The data is split into 2 pieces. groundhogs has information on each groundhog, such as its id, name, and location. predictions has the record for historical predictions of each grounhog, by id. 

In [None]:
groundhogs.head(5)


In [None]:
# It's always a good idea to check your dtypes!
groundhogs.info()


In [None]:
predictions.head(10)


In [None]:
# It's always a good idea to check your dtypes!
predictions.info()


## Groupby and summarize

One of the simplest things we can do is summarize how many predictions occured in each year. We can use the `groupby()` function to combine all the data for each unique value of "year" and then the `size()` function on that grouped dataframe to count the size of each group.
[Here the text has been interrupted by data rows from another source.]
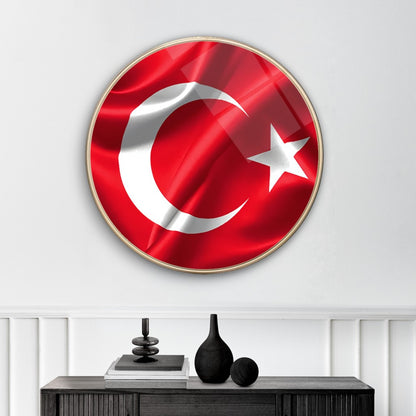 Bayrak Yuvarlak Cam Tablo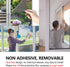One Way Mirror Window Film?Black-Silver 35.4In x 6.56Ft?, WochiTV Daytime Privacy Window Tint for Home, UV Light Blocking Reflective Heat Control Glass Solar Film Non Adhesive Removable Static Cling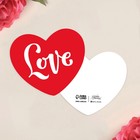 Открытка-мини «Любовь», шрифт, 7 х 6 см - Фото 1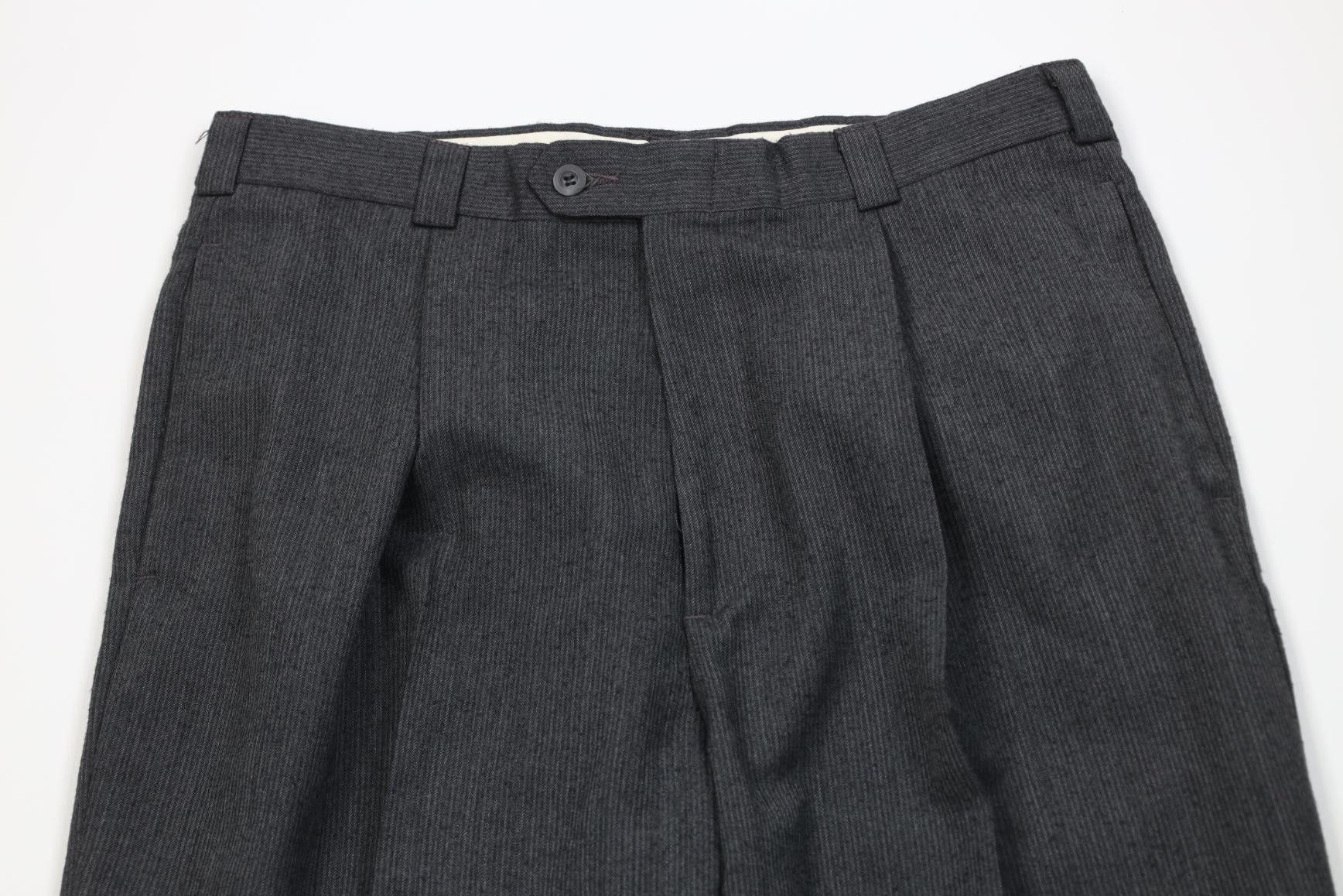 Vintage Vintage 90s Streetwear Striped Wide Leg Chino Pants Gray Size US 34 / EU 50 - 2 Thumbnail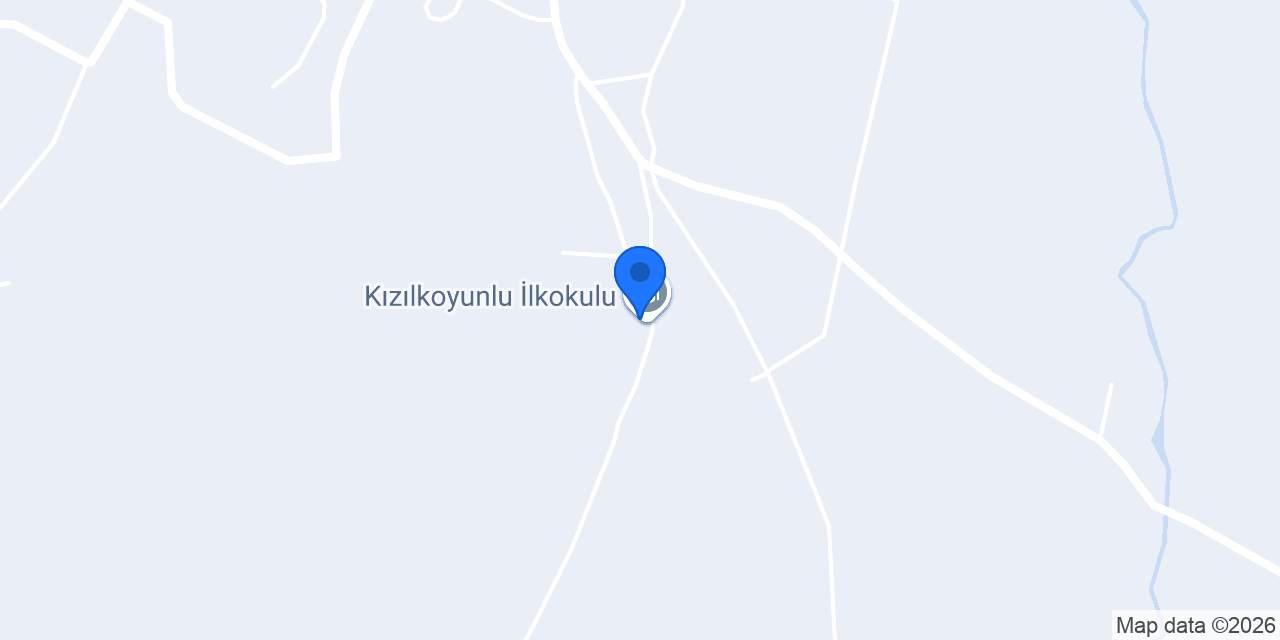 Kızılkoyunlu İlkokulu konumu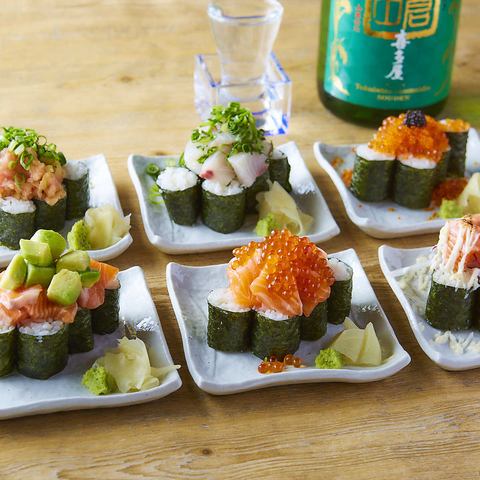 You can drink alcohol with sushi!!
This returns a `pd.Series` object with the year as the index. 

In [None]:
predictions.groupby("year").size()


>**Exercise:** Using the groundhogs dataframe, display how many groundhogs vs non-groundhogs have participated. *hint* The column of interest is called "is_groundhog".

In [None]:
# your code here


Instead of yearly predictions, I want to instead bin these years into decades. Let's create a new column in the predictions dataframe that is the decade of the year. 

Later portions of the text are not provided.